Victor Muller’s games continue: Are the new Saab shares ending up in Russian hands?

August 16, 2011

Victor Muller is at his games again even as Saab’s cash crunch continues. He has delayed payments to employees, suppliers, creditors and even the tax-man. The China card seems to be played out. Suppliers who start proceedings for bankruptcy get priority in getting paid. Workers get priority in getting their wages before white-collar employees. The trade unions are desperate and go along with anything as they hope for some miraculous solution. Russian “black” money – which needs to be laundered somewhere – is waiting to swoop through the back-door even if it has been barred entrance through the front-door. My own opinion is that even the initial liquidity crisis was engineered by Victor Muller by shifting cash out of Saab.

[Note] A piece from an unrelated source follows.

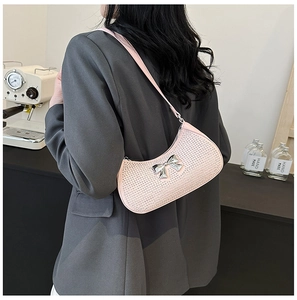 Close-up of pink rhinestone shoulder bag with silver bow buckle and leather strap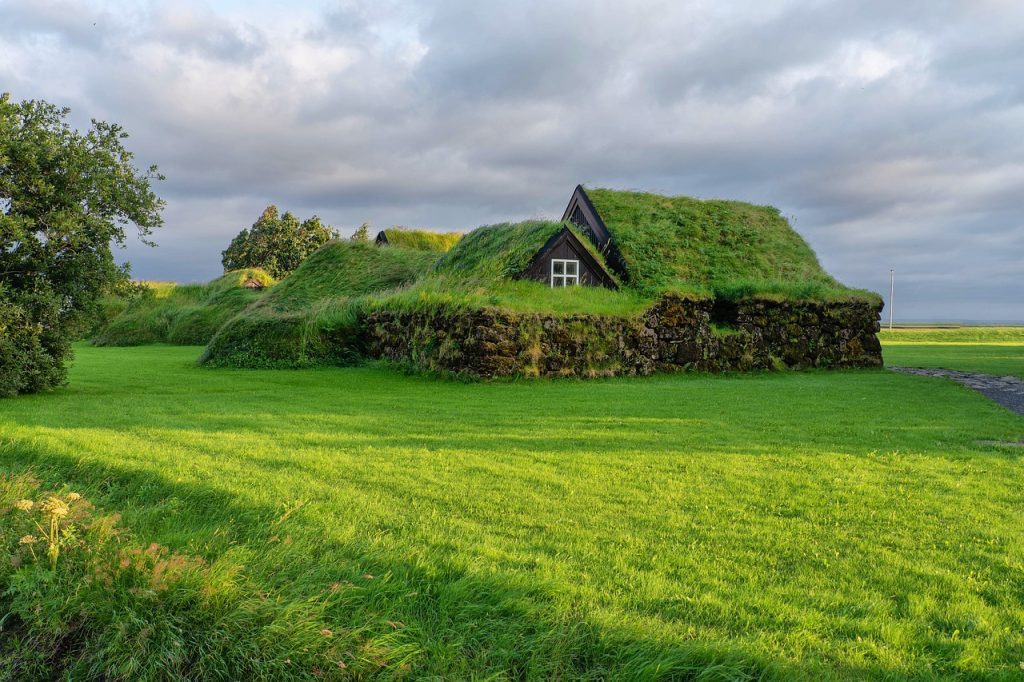 Green roofed sod house in lush Icelandic countryside under a cloudy sky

He is now engaged in the final desperate end-game at Saab (but of course without risking any of his own personal wealth). The question is whether it is his own end-game or one where he is just a proxy for his Russian masters.

Svenska Dagbladet reports:

Saab is issuing freshly printed shares at a loss to the U.S. investment fund GEM (Global Yield Fund Limited), which then sell them on at a profit. An arrangement made for the short term to pay salaries and debts. Saab is now selling four million new shares for just under 40 million Swedish kronor. GEM also purchased shares in a new issue on 3rd August – when 5 million new shares were sold in a desperate move to pay the salaries of Saab employees.

Not only are GEM well paid (because they are taking a big risk), they are also diluting the ownership of Saab’s other shareholders. In fact, these 10 million shares conveyed in a short time to GEM represents almost a third of the total shares. GEM acts only as intermediary and who is actually buying is a mystery.

GEM Yield Funds Ltd. buys shares for 90 percent of their value and then sells them on. These shares are then traded in Amsterdam. Using GEM is considered a very expensive way for Saab to raise cash but there are few options left. Issuing just another 10 million new shares could dilute the ownership sufficiently for a single owner of just the new shares to have a majority stake. And that for less than a total of 80 million kronor (about $13 million). Whether production will ever restart is looking increasingly unlikely – at least for Saab in its present form. What would happen to Saab if it ever came fully under the control of Vladimir Antonov is anybody’s guess. I suspect that Saab’s fate would then be connected more to being a money-laundering centre than to the production of quality cars. I would not be in the least surprised to find that the newly issued shares are ending up in Russian hands. The mark-up that GEM charges is probably worthwhile and represents an acceptable discount for the laundering of “funny” money.